Problem statement: Using the listing below, give again exactly the lines from the line with "Living room with" to the line with "Enya 2024 NEXG", inclusive, without the pictures.

Source material:
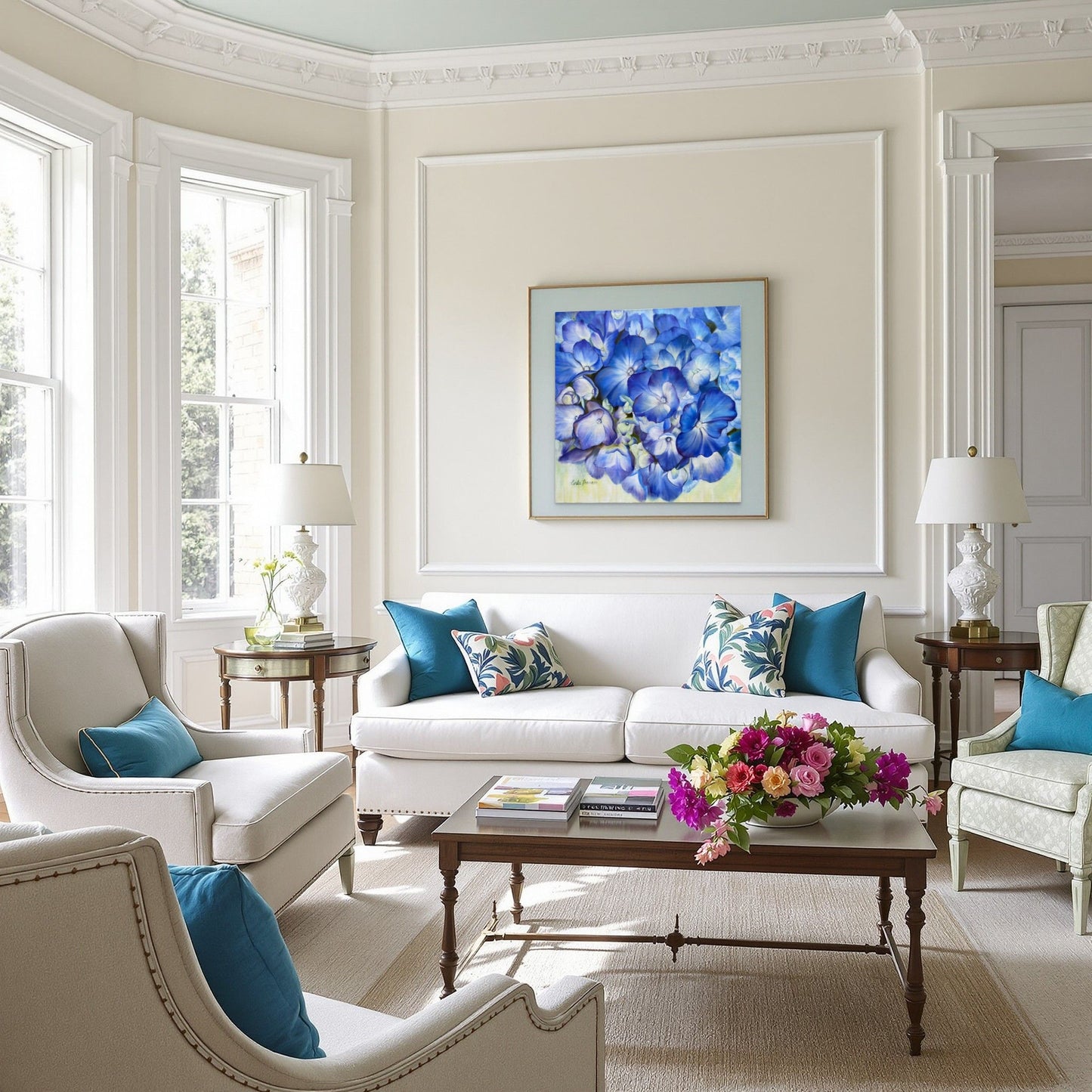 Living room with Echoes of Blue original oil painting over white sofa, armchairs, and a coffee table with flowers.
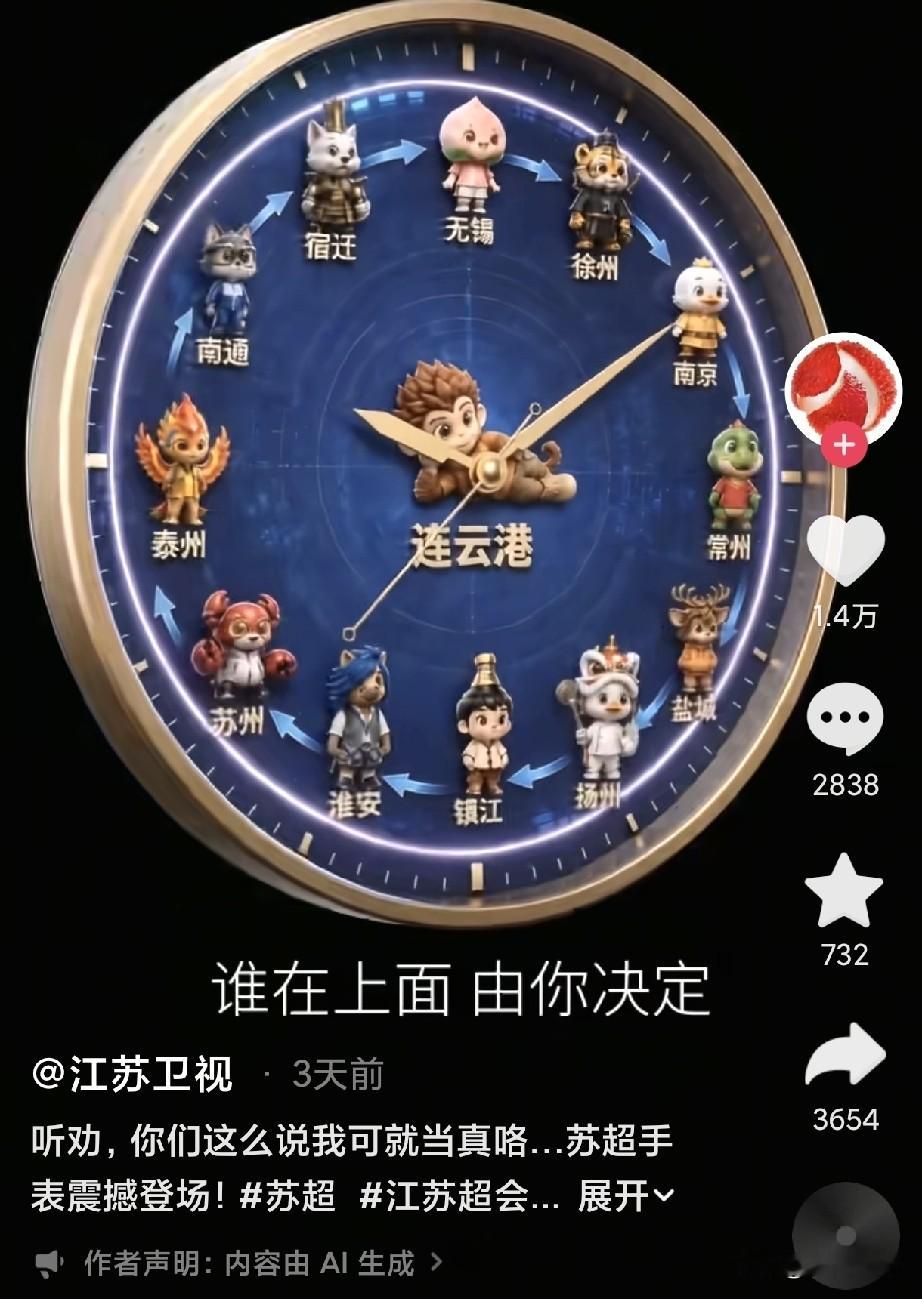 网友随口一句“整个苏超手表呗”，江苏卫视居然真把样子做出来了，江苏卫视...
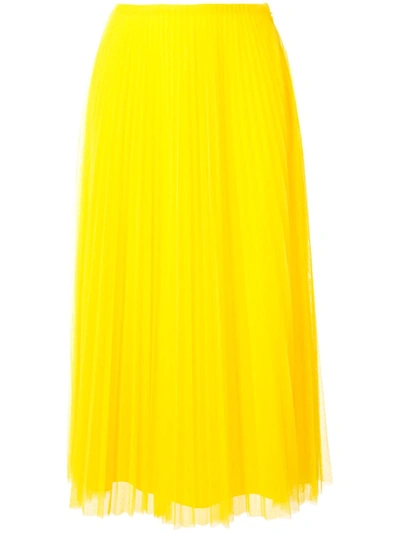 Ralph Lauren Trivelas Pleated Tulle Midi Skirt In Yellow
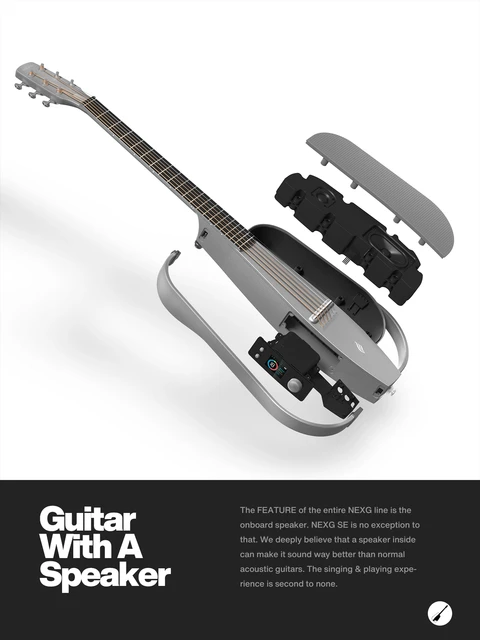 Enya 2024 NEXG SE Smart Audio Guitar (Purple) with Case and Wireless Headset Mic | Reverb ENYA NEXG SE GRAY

...

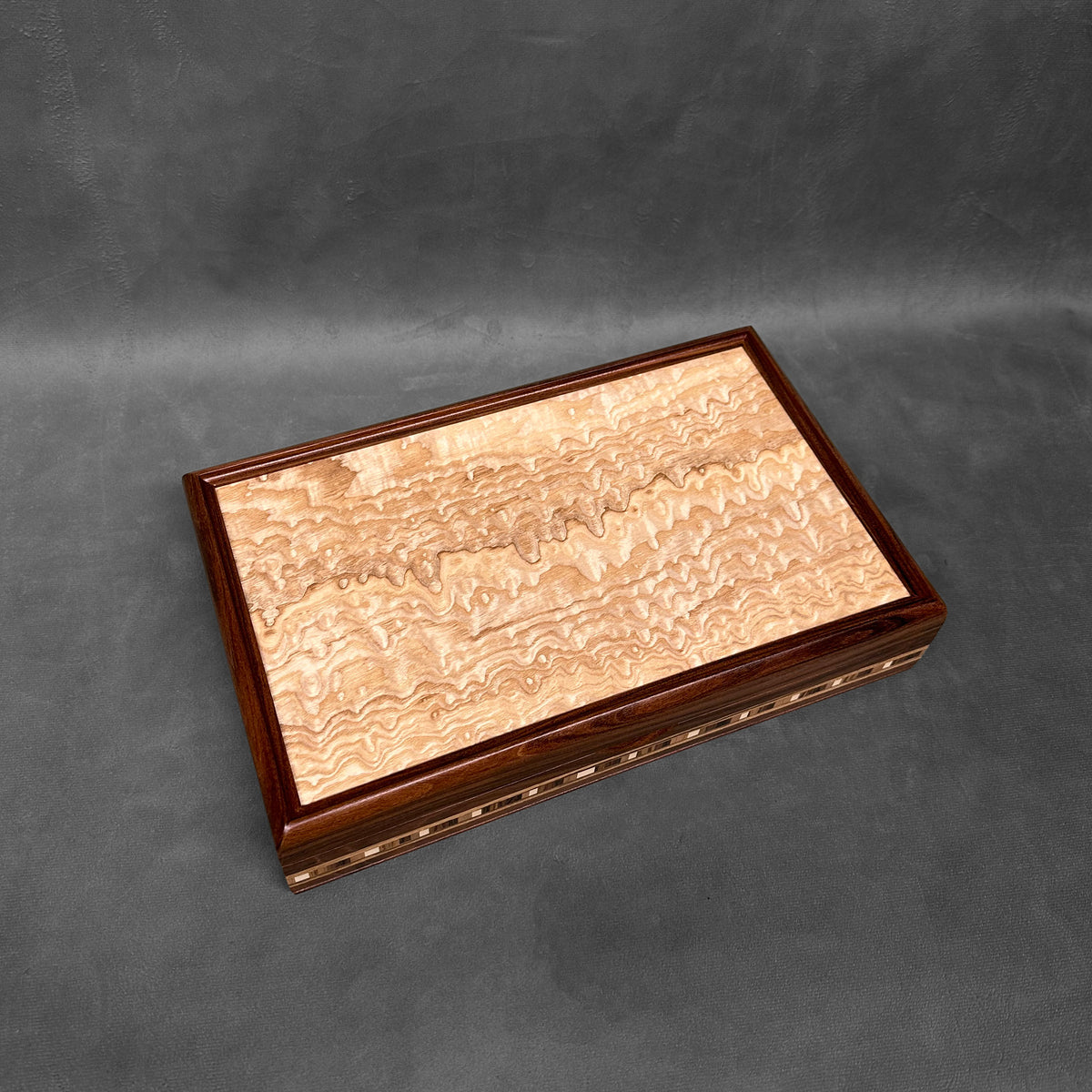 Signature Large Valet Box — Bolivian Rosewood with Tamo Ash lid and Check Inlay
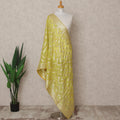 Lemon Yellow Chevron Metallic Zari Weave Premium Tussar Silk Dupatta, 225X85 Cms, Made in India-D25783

Solution:
 Living room with Echoes of Blue original oil painting over white sofa, armchairs, and a coffee table with flowers.
 网友随口一句“整个苏超手表呗”，江苏卫视居然真把样子做出来了，江苏卫视...
 Ralph Lauren Trivelas Pleated Tulle Midi Skirt In Yellow
 Enya 2024 NEXG SE Smart Audio Guitar (Purple) with Case and Wireless Headset Mic | Reverb ENYA NEXG SE GRAY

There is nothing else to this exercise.